>>

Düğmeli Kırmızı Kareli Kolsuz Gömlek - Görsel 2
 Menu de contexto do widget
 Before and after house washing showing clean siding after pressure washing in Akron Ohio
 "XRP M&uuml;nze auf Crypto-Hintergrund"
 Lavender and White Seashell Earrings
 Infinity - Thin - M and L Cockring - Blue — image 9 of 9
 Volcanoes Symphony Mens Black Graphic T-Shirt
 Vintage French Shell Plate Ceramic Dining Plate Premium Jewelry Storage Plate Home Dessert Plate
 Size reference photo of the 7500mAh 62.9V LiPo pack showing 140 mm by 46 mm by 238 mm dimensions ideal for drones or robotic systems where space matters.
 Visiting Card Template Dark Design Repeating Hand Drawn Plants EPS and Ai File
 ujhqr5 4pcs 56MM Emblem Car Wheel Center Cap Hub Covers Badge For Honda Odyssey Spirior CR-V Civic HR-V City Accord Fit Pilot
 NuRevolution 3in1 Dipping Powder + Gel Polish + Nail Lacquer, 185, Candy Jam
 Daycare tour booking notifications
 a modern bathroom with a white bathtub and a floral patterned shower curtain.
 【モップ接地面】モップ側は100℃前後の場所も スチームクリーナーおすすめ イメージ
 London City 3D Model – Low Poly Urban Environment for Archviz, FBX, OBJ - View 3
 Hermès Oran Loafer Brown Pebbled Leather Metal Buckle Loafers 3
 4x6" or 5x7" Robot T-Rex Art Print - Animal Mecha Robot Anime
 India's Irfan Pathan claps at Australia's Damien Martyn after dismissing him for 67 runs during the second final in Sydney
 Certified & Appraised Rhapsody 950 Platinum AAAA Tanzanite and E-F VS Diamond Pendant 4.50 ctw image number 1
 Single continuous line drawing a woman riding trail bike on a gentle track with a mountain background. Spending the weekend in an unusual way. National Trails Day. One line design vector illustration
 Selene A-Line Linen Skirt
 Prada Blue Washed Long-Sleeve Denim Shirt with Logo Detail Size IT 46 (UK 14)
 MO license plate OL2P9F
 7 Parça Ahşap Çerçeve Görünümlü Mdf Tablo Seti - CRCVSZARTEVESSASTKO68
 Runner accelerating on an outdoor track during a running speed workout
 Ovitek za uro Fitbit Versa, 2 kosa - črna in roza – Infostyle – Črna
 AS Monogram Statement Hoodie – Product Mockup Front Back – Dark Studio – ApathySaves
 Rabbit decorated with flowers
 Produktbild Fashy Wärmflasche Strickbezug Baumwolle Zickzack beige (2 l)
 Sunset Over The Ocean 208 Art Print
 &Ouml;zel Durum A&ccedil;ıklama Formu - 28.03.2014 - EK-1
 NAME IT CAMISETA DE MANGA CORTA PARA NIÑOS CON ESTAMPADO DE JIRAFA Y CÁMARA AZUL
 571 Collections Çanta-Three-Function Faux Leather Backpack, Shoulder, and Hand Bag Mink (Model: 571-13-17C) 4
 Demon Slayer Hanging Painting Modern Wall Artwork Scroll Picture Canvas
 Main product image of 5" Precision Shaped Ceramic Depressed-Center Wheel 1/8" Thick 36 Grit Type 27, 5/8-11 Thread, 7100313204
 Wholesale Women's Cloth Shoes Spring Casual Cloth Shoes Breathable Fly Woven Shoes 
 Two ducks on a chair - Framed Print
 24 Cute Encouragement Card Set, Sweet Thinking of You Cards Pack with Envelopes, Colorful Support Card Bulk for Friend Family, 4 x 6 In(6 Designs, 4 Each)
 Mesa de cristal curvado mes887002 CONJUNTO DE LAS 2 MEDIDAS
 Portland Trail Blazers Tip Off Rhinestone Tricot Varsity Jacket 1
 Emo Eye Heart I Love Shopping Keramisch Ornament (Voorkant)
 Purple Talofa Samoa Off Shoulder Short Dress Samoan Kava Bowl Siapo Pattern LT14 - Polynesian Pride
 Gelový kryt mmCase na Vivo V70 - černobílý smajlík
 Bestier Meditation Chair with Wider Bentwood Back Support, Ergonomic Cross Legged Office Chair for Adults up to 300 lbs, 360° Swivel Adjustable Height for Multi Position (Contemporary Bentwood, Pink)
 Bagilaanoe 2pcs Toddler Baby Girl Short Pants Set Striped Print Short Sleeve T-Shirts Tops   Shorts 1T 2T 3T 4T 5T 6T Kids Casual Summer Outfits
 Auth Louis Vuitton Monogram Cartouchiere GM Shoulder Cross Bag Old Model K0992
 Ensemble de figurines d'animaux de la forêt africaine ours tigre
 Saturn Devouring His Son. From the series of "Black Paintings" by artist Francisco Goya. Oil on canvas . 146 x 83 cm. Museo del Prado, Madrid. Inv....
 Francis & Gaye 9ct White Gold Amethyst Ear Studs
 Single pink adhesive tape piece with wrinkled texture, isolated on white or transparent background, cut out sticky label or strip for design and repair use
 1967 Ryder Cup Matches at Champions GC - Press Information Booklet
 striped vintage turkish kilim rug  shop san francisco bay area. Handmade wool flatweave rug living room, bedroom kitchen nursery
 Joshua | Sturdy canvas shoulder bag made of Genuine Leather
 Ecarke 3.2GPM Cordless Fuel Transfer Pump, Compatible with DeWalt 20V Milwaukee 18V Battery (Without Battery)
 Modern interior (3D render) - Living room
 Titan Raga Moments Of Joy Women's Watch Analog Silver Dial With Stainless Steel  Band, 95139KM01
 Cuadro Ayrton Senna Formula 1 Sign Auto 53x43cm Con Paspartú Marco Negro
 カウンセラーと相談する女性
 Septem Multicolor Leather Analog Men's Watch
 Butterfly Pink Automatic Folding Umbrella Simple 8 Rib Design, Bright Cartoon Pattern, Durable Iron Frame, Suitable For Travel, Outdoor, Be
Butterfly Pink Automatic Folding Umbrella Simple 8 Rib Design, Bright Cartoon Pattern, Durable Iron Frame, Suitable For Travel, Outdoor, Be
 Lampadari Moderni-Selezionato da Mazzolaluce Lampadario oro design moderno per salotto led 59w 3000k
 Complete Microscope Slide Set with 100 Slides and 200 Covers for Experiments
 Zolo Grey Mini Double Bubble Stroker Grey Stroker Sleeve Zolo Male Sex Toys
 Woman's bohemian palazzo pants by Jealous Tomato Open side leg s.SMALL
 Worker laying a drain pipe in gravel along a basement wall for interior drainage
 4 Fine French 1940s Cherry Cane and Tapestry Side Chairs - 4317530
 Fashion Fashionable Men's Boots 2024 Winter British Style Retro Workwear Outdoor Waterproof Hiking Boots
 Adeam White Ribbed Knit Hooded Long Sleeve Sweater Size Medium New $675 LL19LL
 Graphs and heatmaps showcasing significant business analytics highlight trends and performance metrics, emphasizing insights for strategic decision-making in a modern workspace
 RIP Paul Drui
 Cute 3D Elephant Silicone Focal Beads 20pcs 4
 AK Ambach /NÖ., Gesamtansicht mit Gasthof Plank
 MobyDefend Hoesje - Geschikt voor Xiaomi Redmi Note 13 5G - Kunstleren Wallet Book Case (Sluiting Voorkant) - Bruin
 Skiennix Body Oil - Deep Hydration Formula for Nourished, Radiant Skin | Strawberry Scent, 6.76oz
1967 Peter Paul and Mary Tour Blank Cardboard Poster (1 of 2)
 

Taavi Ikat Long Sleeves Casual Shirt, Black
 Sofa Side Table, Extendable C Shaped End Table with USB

<<

→ EXERCISE OBJECTIVE
Gather up, from the records above, each line where the word "City" appears.

→ ANSWER TO THE PROBLEM
 ujhqr5 4pcs 56MM Emblem Car Wheel Center Cap Hub Covers Badge For Honda Odyssey Spirior CR-V Civic HR-V City Accord Fit Pilot
 London City 3D Model – Low Poly Urban Environment for Archviz, FBX, OBJ - View 3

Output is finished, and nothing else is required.